康涅狄格州纽敦市的桑迪胡克小学、拉斯维加斯的音乐节、佛罗里达州帕克兰市的玛乔丽·斯通曼·道格拉斯高中、纽约州布法罗市的 Tops Friendly Markets 超市、得克萨斯州尤瓦尔迪市的罗伯小学,以及其他可怕的事件,就这样不断地发生,没有任何事情产生根本性的改变。用于枪击案的枪支比以往任何时候都多。即使当我们讨论枪支的最基本限制时——对租赁汽车、酒精以及几乎所有其他可能对公共安全构成潜在危险的事物都采取了类似的限制——对话也会停止,并且会援引宪法第二修正案。
宪法修正案被解释为拥有携带武器的权利,却牺牲了我们孩子的生命和安全,它写于 1791 年。那是一个技术精湛的人在一分钟内可能只能准确射击三发子弹的时代,每次射击后都需要重新装弹。第二修正案现在不知何故被应用于武器,这些武器的限制仅仅在于射手可以扣动扳机的次数以及弹匣可以容纳多少子弹。来自 18 世纪的文本部分写道:“纪律严明的民兵,对于一个自由州的安全是必要的……” 它已被解释为赋予任何公民不受限制的权利,可以合法购买一种武器,这种武器可以在几秒钟内对满屋子的学生造成过度的身体伤害——而且年龄限制或限制比租车还要少。

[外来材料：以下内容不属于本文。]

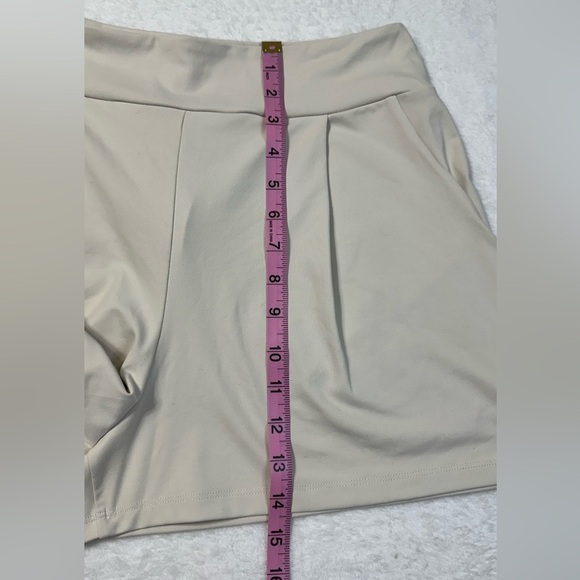 NWT Susana Monaco Pleated Short, Blanched Almond in Size M - Picture 7 of 14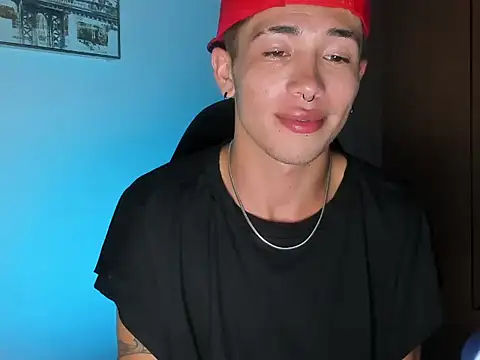 Chat XXX ao vivo de noahsaint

非突击武器也会造成破坏性伤害,但突击武器成为如此多可怕事件的首选工具是有原因的。当你看到受害者时,你就会明白为什么。这可能是因为亲属已经认不出受害者了,或者医生已经没有什么可以修复的了。大规模枪击事件的后果表明了这些武器被设计和制造的原因。带有可拆卸弹匣和手枪握把的半自动枪支旨在尽可能快、尽可能多、尽可能严重地杀伤。
仅仅禁止突击武器并不能结束枪支造成的所有伤害。它不会结束自杀,也不会解决我们这个国家长期以来面临的心理健康危机。但是,让平民无法获得这些武器可能会减少大规模枪击事件的数量,并且几乎肯定会减少无情残暴事件中受害者的数量。
禁止突击武器的另一个原因是,这种禁令不会削弱我们使用其他并非最初为军事战斗设计的武器来保护我们自己、我们的家人和我们的财产的能力。这种逻辑在很大程度上解释了为什么突击武器根本没有任何实际好处。
为了防止未来的悲剧,有一份显而易见的待办事项清单。需要进行普遍背景调查,以防止枪支落入最有可能犯下暴力罪行的人手中。类似于驾驶汽车所需的枪支许可和培训要求是其他常识性措施,特别是对于那些首次获得枪支的人来说。
枪支游说团体对我们民选官员的影响力既令人尴尬又令人难以承受。每次事件发生后,都会有愤怒和采取行动的要求,随之而来的是承诺、想法、祈祷,然后什么都没有。在不可避免的愤怒和抗议以及每次事件发生后不可避免的眼泪之后,支持枪支团体的立场长期以来一直占上风。枪支游说者总是有政治实力等待,直到愤怒消退。尤瓦尔迪枪击事件,使用 AR-15 步枪以同样可怕的方式夺走了无辜儿童的生命,就像 23 年前科伦拜恩事件中类似的武器所做的那样——以及介于两者之间的许多次。然而,自科伦拜恩事件以来,我们已经倒退了。如此多的悲剧已经演变成一种可能被称为过时且畸形的常态,这是美国在全世界臭名昭著的标志。只有当顽固的枪支游说团体不再对我们的民选官员拥有这种权力时,有意义的改变才会发生。